The vaunted American independent film movement is close to dead in the water while studio filmmaking is at its most mundane. Alternative film distribution on the internet has not kicked in in any serious way. We are not at a high point in the history of the cinema, to say the least. The subject of yesterday’s discussion — that film stars mouth off excessively about politics — is only, at best, a minor aspect of this decline. Actors and writers were doing that when movies were great too (the 1930s and 40s). Much more important is the rise of other distractions – computer games, cable television, even blogging. [No, not that.-ed. Okay.]

I’ve spent the last week and a half learning Adobe’s Premiere Elements video editing and DVD authoring program (which streets for a hundred bucks or less) for a magazine article, and having a blast editing some of my old videotapes. And finding myself having to fight off the “Hey kids, let’s put on a show!” urge. (“OK, I can’t afford 12 Angry Men. Maybe six and three quarters!”)

35 years ago, Stanley Kubrick was asked “If you were nineteen and starting out again, would you go to film school?” He replied:

The best education in film is to make one. I would advise any neophyte director to try to make a film by himself. A three-minute short will teach him a lot. I know that all the things I did at the beginning were, in microcosm, the things I’m doing now as a director and producer. There are a lot of noncreative aspects to filmmaking which have to be overcome, and you will experience them all when you make even the simplest film: business, organization, taxes, etc., etc. It is rare to be able to have an uncluttered, artistic environment when you make a film, and being able to accept this is essential.

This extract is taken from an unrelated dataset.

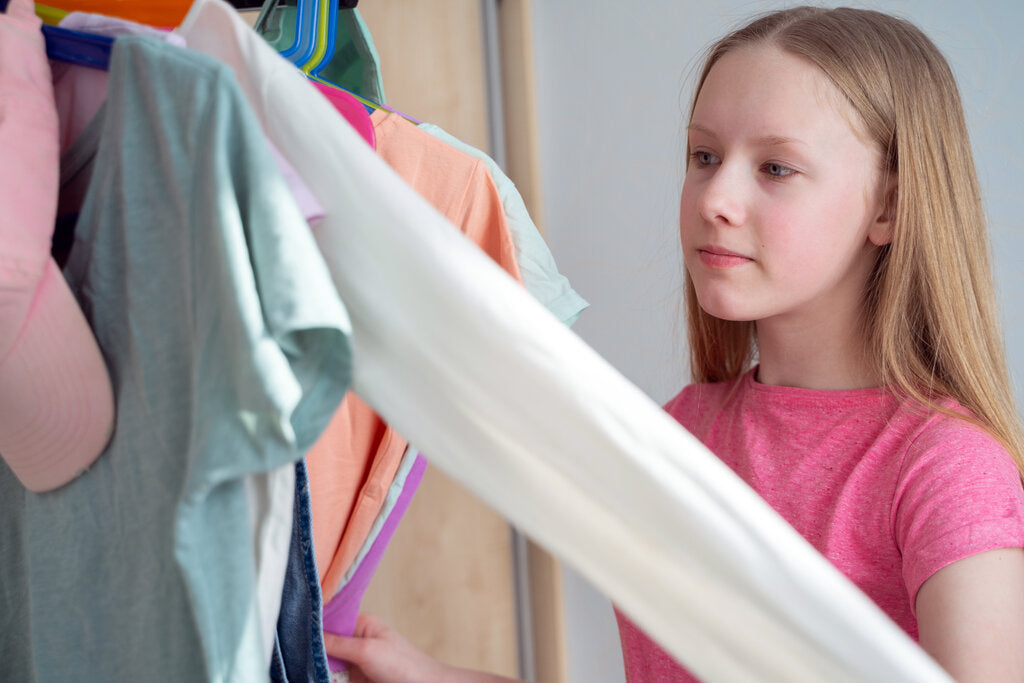 Young girl choosing clothes from her closet, illustrating the importance of selecting UPF clothing for daily sun protection.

The point to stress is that anyone seriously interested in making a film should find as much money as he can as quickly as he can and go out and do it. And this is no longer as difficult as it once was. When I began making movies as an independent in the early 1950s I received a fair amount of publicity because I was something of a freak in an industry dominated by a handful of huge studios. Everyone was amazed that it could be done at all. But anyone can make a movie who has a little knowledge of cameras and tape recorders, a lot of ambition and — hopefully — talent. It’s gotten down to the pencil and paper level. We’re really on the threshold of a revolutionary new era in film.


To the best of my (admittedly limited) knowledge on the subject, Roger’s absolutely right when he says, “Alternative film distribution on the internet has not kicked in in any serious way”. But paradoxically, the technology to make alternative films–or at least alternative videos–has never been more sophisticated.

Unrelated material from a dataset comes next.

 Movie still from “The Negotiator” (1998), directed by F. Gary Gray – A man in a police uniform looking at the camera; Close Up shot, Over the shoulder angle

On Christmas Eve of 2002, James Lileks linked to the efforts of a group of ultra-hard core Trekkies who made their own Shatner-style Star Trek episode. Their first effort was admittedly crude. And their clunky handling of dialogue actually highlights the skills of Shatner, Nimoy and company back in ’66. But check out the digital effects in the teaser to its sequel! Admittedly, they’re not as over the top mindblowing as the digital effects in The Matrix or Revenge of the Sith, but they’re certainly professional and more than serviceable for telling the story.

And if anything, home recording technology is even more sophisticated than video’s current state of the art.

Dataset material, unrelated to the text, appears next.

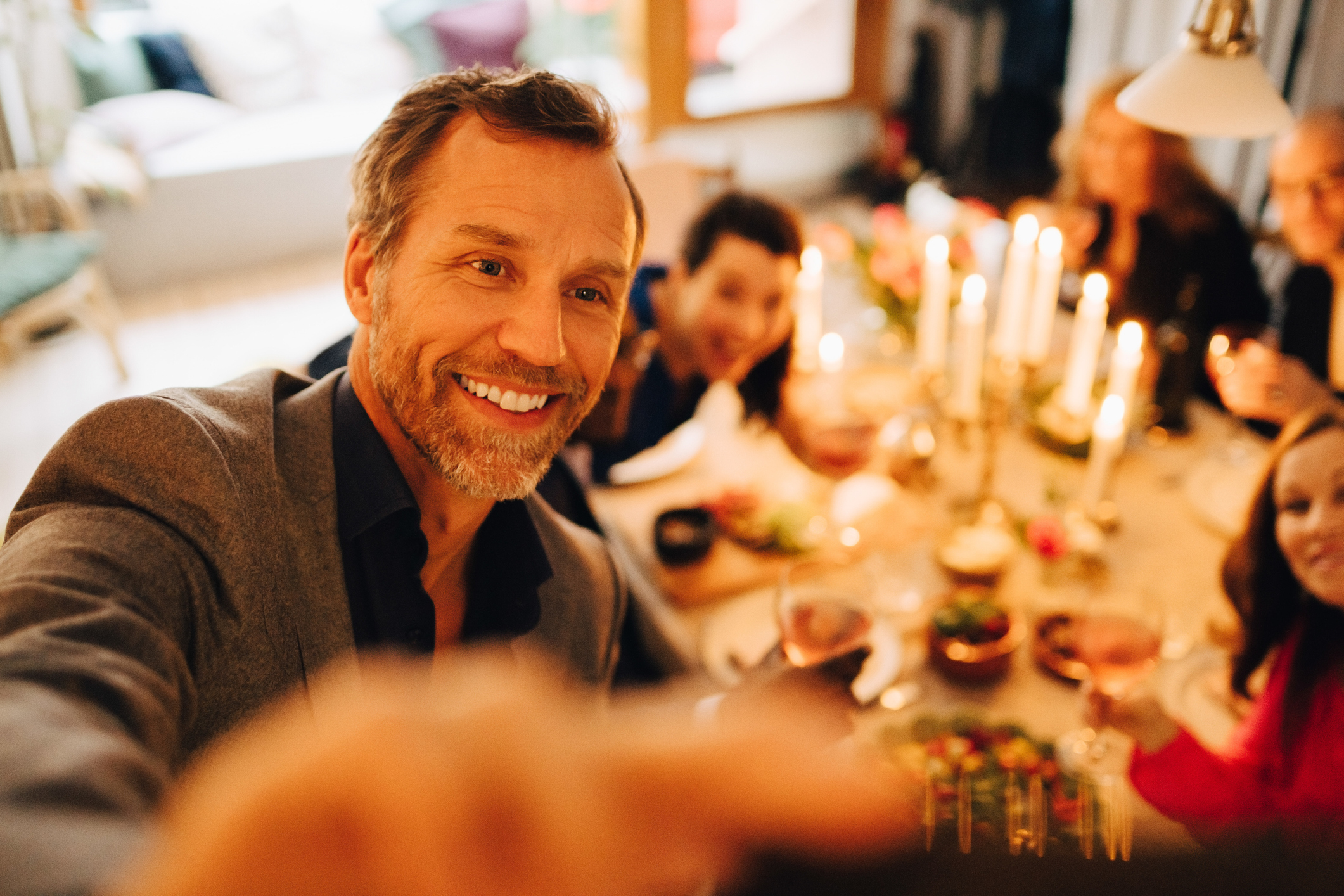 An older man takes a selfie of himself and friends at a dinner party.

The irony is that technology itself isn’t as critical to telling a story as many people think. Historically, most low and medium budget movies have consisted mostly of people talking, since that’s always been far cheaper to shoot than films that require huge special effects budgets. And some films consisting of little more than actors talking can be enormously compelling (the afore mentioned 12 Angry Men, Woody Allen’s best films, Hitchcock’s Rope and Dial M For Murder all come immediately to mind).


So who’s the young writer/director who’s going to master the technology that’s readily available to make the proverbial good independent Internet-distributed movie? (That doesn’t involve the United Federation of Planets?)